The brouhaha started silently when five Rams players took to the field Sunday with their palms in the air — showing the “hands up, don’t shoot” gesture used by protesters decrying the police shooting death of unarmed black teen Michael Brown.
The St. Louis Police Officers Association was furious, saying the players “chose to ignore the mountains of evidence released from the St. Louis County Grand Jury” after the jurors decided not to indict former Ferguson Officer Darren Wilson.
A Rams official spoke with police Monday. And that’s when the he-said, he-said started.
St. Louis County Police Chief Jon Belmar sent an e-mail to his staff saying the Rams’ chief operating officer called him Monday to apologize.
“I received a very nice call this morning from Mr. Kevin Demoff of the St. Louis Rams who wanted to take the opportunity to apologize to our department on behalf of the Rams for the “Hands Up” gesture that some players took the field with yesterday,” Belmar wrote in the e-mail, according to the St. Louis Post-Dispatch.
But the Rams said that’s just not true.
“We did not apologize,” Rams spokesman Artis Twyman told CNN.
The team issued a statement saying the organization had “positive discussions” Monday with Belmar and other police officials “during which we expressed our respect for their concerns surrounding yesterday’s game.”
Police took issue with the Rams’ saying they didn’t apologize and aired their grievances on Twitter.
“Apology: ‘expression of regret for not being able to do something” @kdemoff: “I regretted any offense their officers may have taken,'” St. Louis County Police tweeted Monday night.
The Rams didn’t respond to the digital jab. But others sure did.
“You guys should be more petty,” one person tweeted.
“You’re acting like five year olds. Grow up,” another wrote.

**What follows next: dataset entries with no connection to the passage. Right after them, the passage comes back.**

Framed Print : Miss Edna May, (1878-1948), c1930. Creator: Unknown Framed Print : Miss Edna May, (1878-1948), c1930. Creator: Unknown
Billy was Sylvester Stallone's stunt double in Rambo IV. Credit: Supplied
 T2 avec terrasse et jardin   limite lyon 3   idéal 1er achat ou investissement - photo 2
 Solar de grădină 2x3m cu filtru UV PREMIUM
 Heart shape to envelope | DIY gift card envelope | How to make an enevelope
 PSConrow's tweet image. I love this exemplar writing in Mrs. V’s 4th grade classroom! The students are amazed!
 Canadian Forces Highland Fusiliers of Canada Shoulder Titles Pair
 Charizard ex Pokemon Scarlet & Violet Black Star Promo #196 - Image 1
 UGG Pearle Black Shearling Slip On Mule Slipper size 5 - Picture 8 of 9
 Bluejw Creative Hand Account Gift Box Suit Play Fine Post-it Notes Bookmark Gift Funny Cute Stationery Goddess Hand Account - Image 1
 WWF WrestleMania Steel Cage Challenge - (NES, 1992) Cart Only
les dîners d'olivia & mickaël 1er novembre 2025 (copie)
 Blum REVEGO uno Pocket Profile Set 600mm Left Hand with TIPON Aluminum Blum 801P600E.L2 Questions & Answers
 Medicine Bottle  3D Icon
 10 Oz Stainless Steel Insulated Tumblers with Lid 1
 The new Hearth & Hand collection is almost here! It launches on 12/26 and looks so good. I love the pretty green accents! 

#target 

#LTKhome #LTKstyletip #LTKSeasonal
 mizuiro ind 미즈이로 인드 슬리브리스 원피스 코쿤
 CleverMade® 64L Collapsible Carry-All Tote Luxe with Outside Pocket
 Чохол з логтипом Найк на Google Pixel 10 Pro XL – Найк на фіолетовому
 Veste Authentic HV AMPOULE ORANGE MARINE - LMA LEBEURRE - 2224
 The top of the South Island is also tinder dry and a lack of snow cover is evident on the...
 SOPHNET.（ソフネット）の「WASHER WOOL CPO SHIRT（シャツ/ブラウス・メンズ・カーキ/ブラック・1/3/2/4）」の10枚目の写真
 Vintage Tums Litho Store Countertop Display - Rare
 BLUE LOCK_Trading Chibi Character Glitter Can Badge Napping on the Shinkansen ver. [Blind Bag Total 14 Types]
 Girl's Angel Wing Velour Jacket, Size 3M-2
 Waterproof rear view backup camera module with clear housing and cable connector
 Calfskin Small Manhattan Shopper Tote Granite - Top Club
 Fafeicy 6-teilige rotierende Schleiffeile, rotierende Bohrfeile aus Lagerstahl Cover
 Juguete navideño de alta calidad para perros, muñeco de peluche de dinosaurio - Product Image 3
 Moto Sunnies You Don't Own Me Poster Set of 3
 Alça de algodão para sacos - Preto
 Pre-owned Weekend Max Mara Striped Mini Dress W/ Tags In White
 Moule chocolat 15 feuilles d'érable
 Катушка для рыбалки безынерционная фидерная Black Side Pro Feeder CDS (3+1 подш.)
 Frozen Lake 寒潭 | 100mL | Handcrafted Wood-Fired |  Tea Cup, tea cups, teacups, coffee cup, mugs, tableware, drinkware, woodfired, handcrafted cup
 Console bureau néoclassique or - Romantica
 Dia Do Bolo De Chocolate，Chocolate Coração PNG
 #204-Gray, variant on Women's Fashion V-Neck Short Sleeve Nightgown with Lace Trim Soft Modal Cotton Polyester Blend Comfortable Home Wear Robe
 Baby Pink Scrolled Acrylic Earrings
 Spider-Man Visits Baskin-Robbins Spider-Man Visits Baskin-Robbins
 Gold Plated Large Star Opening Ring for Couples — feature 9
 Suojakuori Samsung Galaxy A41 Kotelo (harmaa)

Police leaders meet with Rams officials
Aside from the semantics of the phone call, leaders from the St. Louis Police Officers Association and the St. Louis County Police Association met with team officials Monday.
The talks were “productive but very preliminary,” police said. They are expected to continue later in the week.
“We made some progress today and we had a healthy interaction with the Rams,” SLPOA business manager Jeff Roorda said in a statement after the meeting.
“We feel strongly that they better understand our perspective and the perspective of the law-abiding citizens that support law enforcement.”
The Rams also issued a statement, saying the team will “continue to build on what have always been strong and valued relationships with local law enforcement and the greater St. Louis community as we come together to help heal our region.”
The SLPOA had called for the five Rams to be disciplined, but both the NFL and the team’s head coach said that won’t happen.
“They are exercising their right to free speech,” Rams Head Coach Jeff Fisher said.
What the Rams players said
The five Rams players who quietly protested on the field — Stedman Bailey, Tavon Austin, Jared Cook, Chris Givens and Kenny Britt — faced a barrage of questions after their gesture.
They told CNN affiliate KSDK that they came up with the idea just before the game and wanted to show solidarity with the St. Louis area community.
“We wanted to do something. … This is our community,” Cook said.
The tight end said he hasn’t had time to go to Ferguson because he’s been busy with the season and because the area is dangerous and he doesn’t want to get caught up in the violence.
But at some point, “definitely I will be making my trip to Ferguson,” Cook said.
Bailey stressed that the players’ move was just a way to show support for their community.
“The violence should stop,” he told KSDK. “We just want it to stop.”
Austin said Brown’s death and the ensuing violence was “a tragedy, period.”
“There are things out there bigger than football,” he said. “And we notice that.”